Le lac s’étire d’est en ouest sur une cinquantaine de kilomètres, et la route côtière de Lomé à la frontière béninoise longe son bord nord. La plupart des voyageurs le voient à soixante kilomètres-heure par la vitre d’un bus, puis poursuivent leur route. Je m’y suis arrêté trois jours, ce qui s’est avéré la bonne décision.
Les villages sur pilotis
Plusieurs communautés du lac Togo sont bâties sur des plateformes de bois au-dessus de l’eau — une adaptation architecturale ouest-africaine à l’inondation et à l’accès à la pêche, vieille de plusieurs siècles. Le plus grand et le plus visité est Agbodrafo, où des passerelles de bois relient un quadrillage de maisons montées sur pilotis, avec des filets de pêche suspendus entre elles pour sécher et des pirogues amarrées en contrebas, comme des voitures dans une allée.
Je suis arrivé en taxi-moto depuis la route principale et un jeune homme nommé Théophile, qui propose des visites informelles du village, m’a accueilli au débarcadère. Il a dix-sept ans, parle français, anglais et éwé, et possède l’aisance tranquille de quelqu’un qui a décidé de se rendre utile au monde plutôt que d’attendre les occasions. Il m’a montré les salles de fumage où le tilapia et le capitaine sont conservés au-dessus de feux de bois, et la partie du village où l’on fabrique encore à la main les pièges de pêche traditionnels — d’ingénieuses structures de bambou tressé. L’odeur de fumée de bois, d’eau de lac et de poisson à divers stades de fraîcheur est intense, particulière, et plus du tout désagréable une fois que vous y avez baigné dix minutes.

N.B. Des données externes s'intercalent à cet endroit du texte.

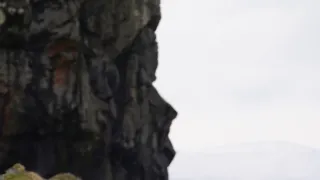 Rok na planetě Zemi (6/6)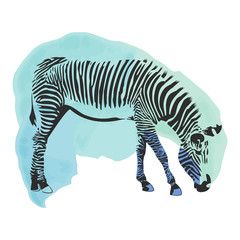 Colorful watercolor zebra cover.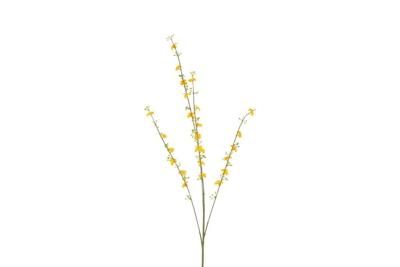 Decostar Cytisus 108 cm oranje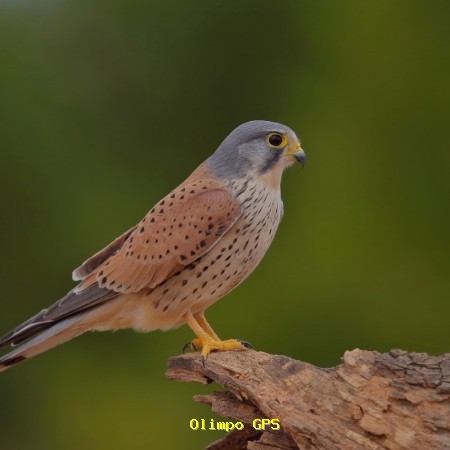 Cernícalo vulgar​ (Falco tinnunculus)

La vie en pirogue et la logique du lac
La meilleure façon de comprendre le lac Togo est de monter dans une pirogue tôt le matin, avant que les pêcheurs ne soient rentrés. Théophile m’a arrangé cela — son oncle est pêcheur — et nous sommes partis à six heures du matin dans une étroite pirogue monoxyle qui semblait n’avoir que trois centimètres de franc-bord avant la catastrophe. Son oncle n’avait pas dormi ; il était sorti depuis minuit, à relever les filets au centre plus profond du lac, là où les capitaines se rassemblent près du fond.
La prise était modeste. Son oncle ne semblait ni déçu ni satisfait — juste pragmatique face à des résultats qui varient d’un jour à l’autre de façons largement hors de son contrôle. Il a vendu le poisson à une femme au débarcadère avant même que nous ayons accosté pour de bon. Toute la transaction a duré trente secondes. Puis il est allé dormir sur la plateforme devant sa maison.

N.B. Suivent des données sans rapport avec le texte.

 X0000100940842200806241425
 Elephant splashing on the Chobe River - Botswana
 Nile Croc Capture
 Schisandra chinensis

Lia est restée dans la pirogue pendant que je parlais avec Théophile sur le ponton. Elle m’a dit ensuite que regarder le lac depuis l’eau pendant que les gens vaquaient à leurs occupations ordinaires autour d’elle avait été la meilleure heure de tout le voyage. Je la crois. Il y a des jours où l’on n’a besoin de rien faire de particulier pour ressentir tout le poids d’être quelque part de véritablement différent.
Aného et l’extrémité est
À l’extrémité est du lac, là où la lagune se resserre vers la frontière béninoise, la ville d’Aného porte les vestiges de son importance d’époque coloniale — elle fut la capitale sous l’administration allemande puis française — sous la forme de villas décrépites et d’une élégance un peu mélancolique. La ville est plus calme aujourd’hui que son architecture ne le laisse supposer qu’elle l’a mérité autrefois. Le meilleur d’Aného, c’est le marché du dimanche et les paillotes à poisson le long du front de mer qui servent du barracuda grillé, accompagné d’une sauce piment si agressivement relevée que j’ai cessé de sentir ma lèvre supérieure quelque part autour de la troisième bouchée.
Quand y aller : De novembre à février pour les eaux calmes et les ciels dégagés. Le lac est au plus beau et au plus facilement navigable pendant la saison sèche. Évitez de juin à août, quand les fortes pluies gonflent la lagune et que le courant entre l’Atlantique et le lac rend les traversées en pirogue réellement risquées.